Finding no existing place congenial, he set up a thinktank, Demos, in 1993. Its mission was to reinvent the Left – or progressivism as Jacques now preferred to call it – for a post-Marxist, post-Soviet world. During the 1990s, Demos played a vanguard role in the creation of New Labour.
Fast forward to 2009, and the New Labour project has transparently hit the buffers. As Jenni Russell put it in the Guardian, “Anyone who cares about the future…can spend the next year hoping impotently that an increasingly irrelevant Labour administration will change its nature. Or they can recognise that the most important political question we now face is how to influence the shape of the next Tory government.”
Demos wants to be part of this fun and in January launched a “Progressive Conservatism” project. David Cameron attended the launch and extolled the undertaking. Demos has found Philip Blond, a theologian whose academic career has taken him from Peterhouse, Cambridge, to the University of Cumbria, to head this exciting new enterprise.

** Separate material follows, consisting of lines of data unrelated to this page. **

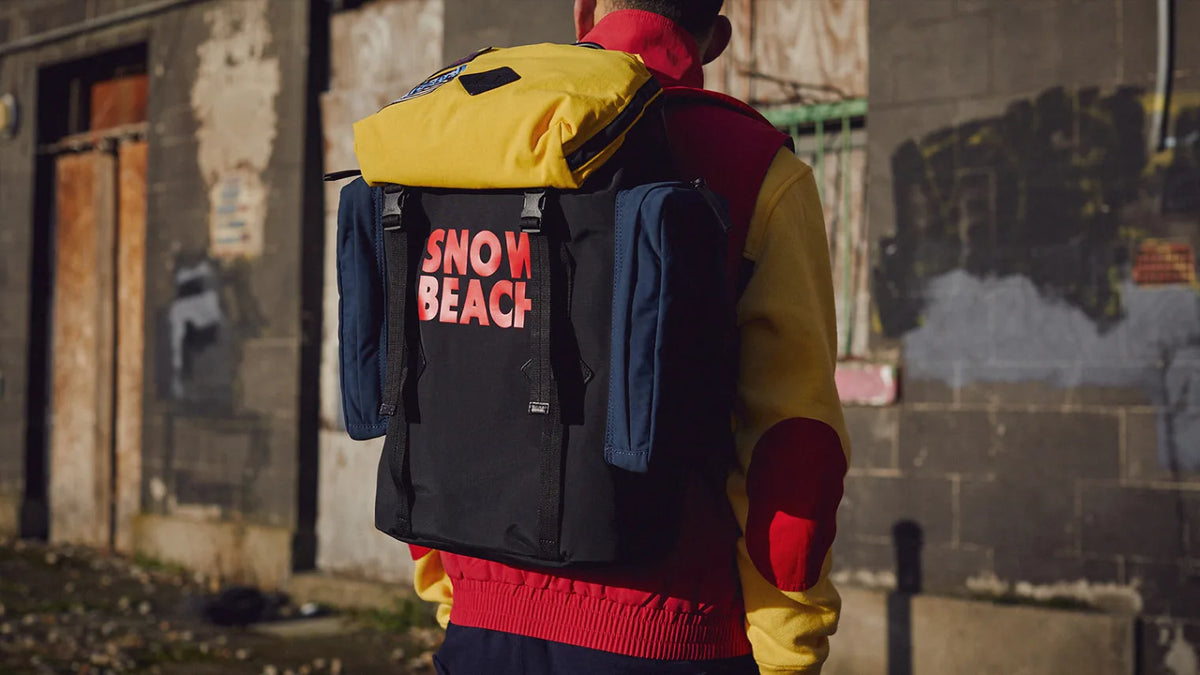 Editorial image of a man wearing a bold, colourful Polo Ralph Lauren Snow Beach backpack from the commemorative capsule.
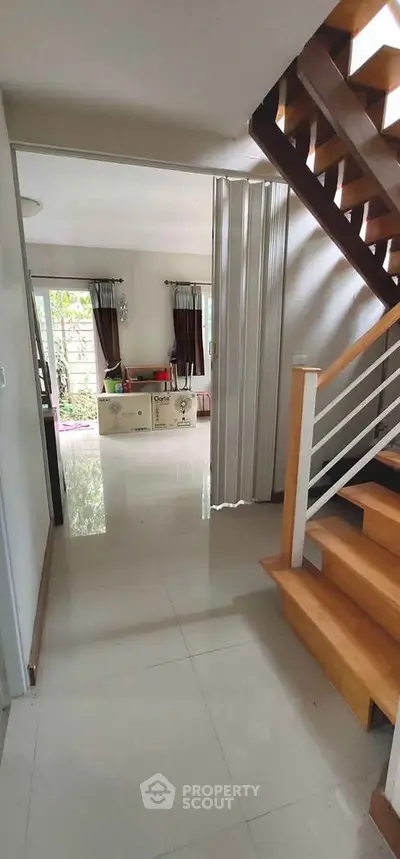 Spacious modern living area with wooden staircase and natural light, perfect for family gatherings.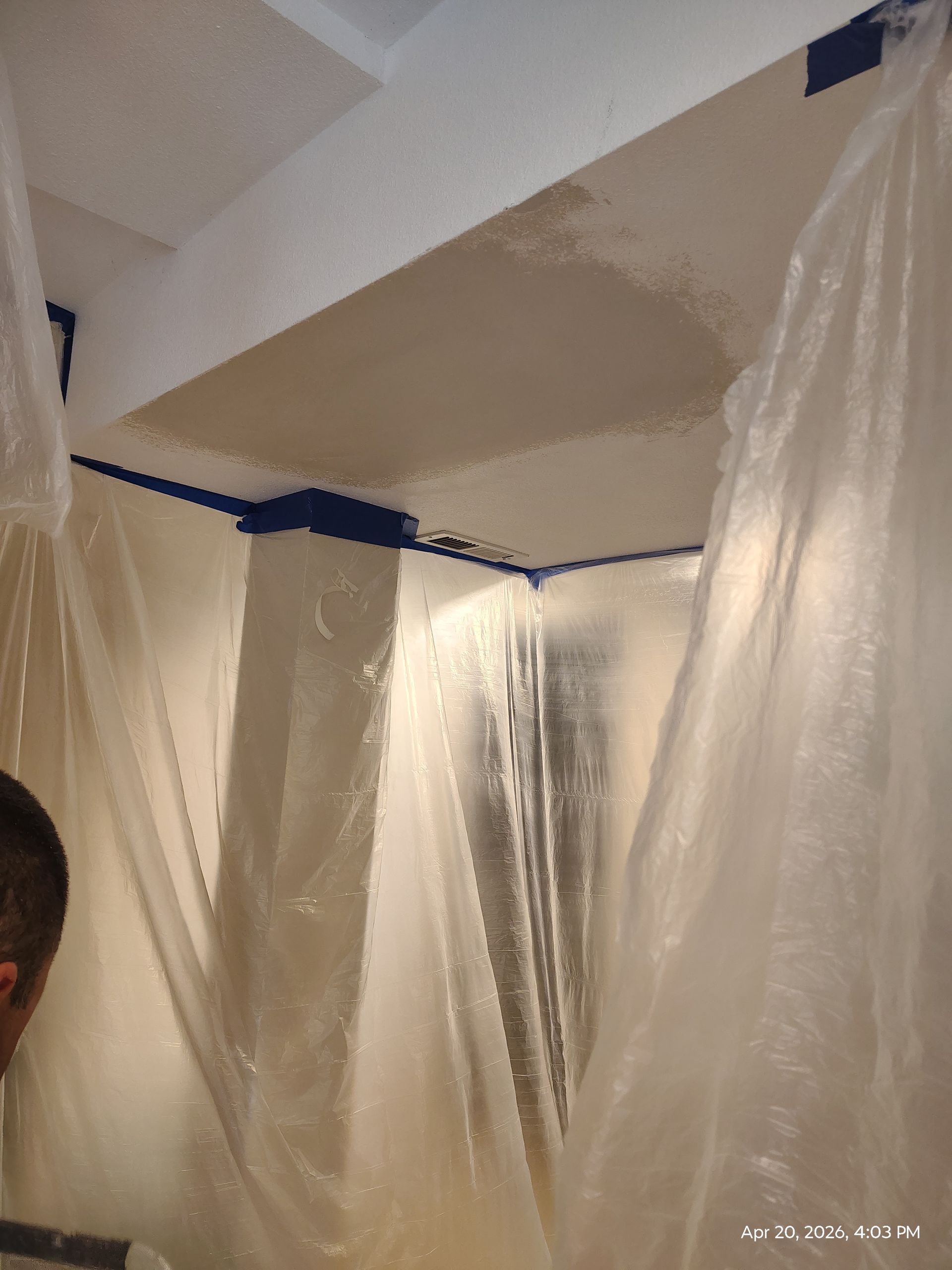 Room with plastic sheeting covering walls and ceiling during painting or renovation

Blond’s particular shtick is Red Toryism – a concept borrowed from Canada, where it described the left wing of the old Progressive Conservative Party. That party was wiped out in the polls in 1993. What does Red Toryism amount to? Essentially it is “socially-committed” Anglicanism in politics – or Notting Hill at prayer. Blond has long had a penchant for fashionable oxymoronic terms-before Red Toryism it was Radical Orthodoxy, a postmodern Christian theological movement which argued that all discourse must be grounded in our collective Christian heritage. The political conclusion of all this postmodern dialogue is conventional caring, sharing left-wingery.
Blond’s Red Toryism consists of lots of stuff about community and the evils of monopoly – and the desire to find what could perhaps be termed a Third Way between individualistic capitalism and amoral socialism. So we are left with anti-capitalist, post-modern religiosity. Not too many takers, one might think.
But progressive opinion has taken up Red Toryism with considerable relish. It has made the cover of Prospect, the New Statesman has pronounced it the most exciting idea to come out of the Right for many a year and the Guardian says it should be taken seriously. Everyone seems excited by it-everyone on the Left, that is.
For the sake of his students in Cumbria, we hope that Blond’s foray into politics does not take up too much of his time – for, as he puts it on his web page, he “has developed a ground-breaking interactive teaching style that has resulted in an unprecedented increase in his students’ performance and intellectual confidence”. One would not want them to miss out on such a rich feast.